SAN FRANCISCO CHRONICLE:

* Argonautika shimmers with humor and sheer genius

* Zimmerman's wryly imaginative, cleverly self-conscious Argonautika is very much an ancient tale reframed for our own time. Its references to "glorious missions," overthrowing tyrants and invaders being greeted with flowers were not lost on a Berkeley audience. But it's also a thoroughly engaging version of a timelessly entertaining myth as told by a theatrical imagination of mythic proportions

* The audience holds its breath

* There's nothing like the ancient myths to evoke the genius of theatrical wizard Mary Zimmerman.

* every bit as exhilaratingly inventive, breathtakingly beautiful, comic and affecting as her staging of Ovid's tales, it's also more cohesive and perhaps even more inspired

* disarming humor, imaginative stagings, surprisingly touching moments and invigorating immediacy

* If you can't see it here, you should think seriously about booking a flight east.

* told with stunning, sometimes humorously self-referential, deceptive simplicity.

* Michael Montenegro's delightful wire, wood and cloth puppets - ranging from small gulls and skeletons to a fearsome giant and nasty, incontinent harpies - interact perfectly with the 14 engaging actors playing the humans and goddesses in Ana Kuzmanic's beguiling tunics, armor and gowns.

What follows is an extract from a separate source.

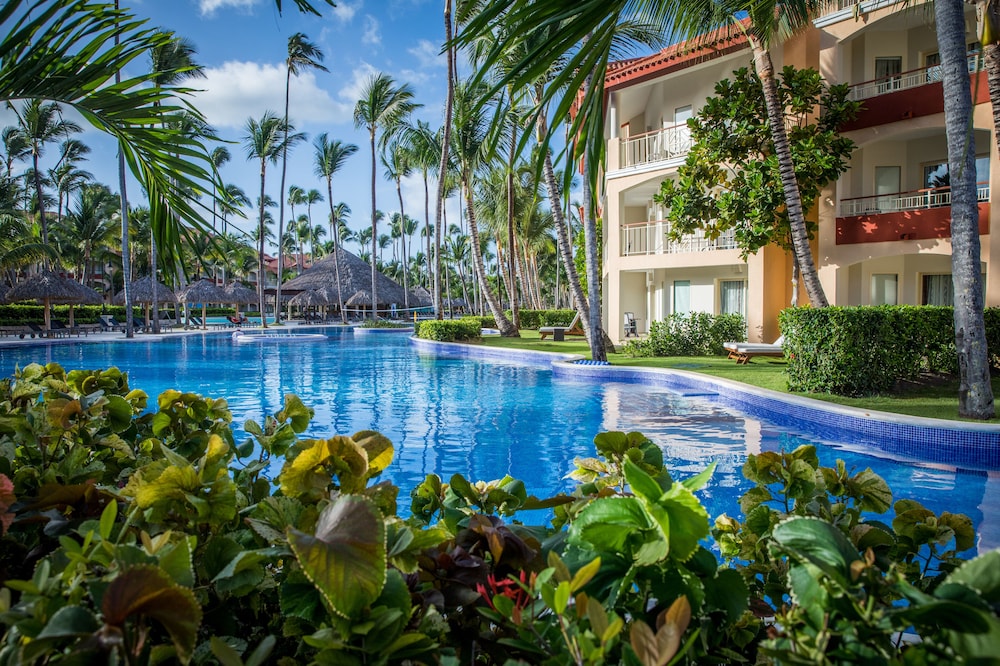 Majestic Elegance Punta Cana - All Inclusive — Swimming pool in Bavaro, La Altagracia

* Argonautika is very much an ensemble piece, with every actor standing out in multiple roles.

* Evil kings (Allen Gilmore, Soren Oliver), vain deities (Tessa Klein's Aphrodite) and heroic feats can be hilarious in Zimmerman's retelling.

* Comedy is also a remarkably effective setup for a burst of deeply affecting emotion, as when Oliver's buffoonish-macho Hercules mourns his lost lover, Hylas (a sweetly engaging Justin Blanchard).

* The capsule: Theatrical wizard Mary Zimmerman’s stunningly imaginative, engagingly comic, affecting and invigoratingly immediate Lookingglass Theatre retelling of the ancient myth of Jason and the Argonauts’ quest for the Golden Fleece, and his ill-fated romance with the virginal sorceress Medea, is a 2 ½-hour treat in its Berkeley Rep West Coast premiere. Graced with beautiful, deceptively simple design, inventive stagings, beguilingly wry puppets and a thoroughly engaging cast, it’s a modern take on an old tale of ambition, deception, heroism, love and unintended consequences.

SAN JOSE MERCURY NEWS:

* In its sublime West Coast premiere at Berkeley Rep, "Argonautika" revels in not just Zimmerman's trademark visual fantasia but also her mastery of form and motif.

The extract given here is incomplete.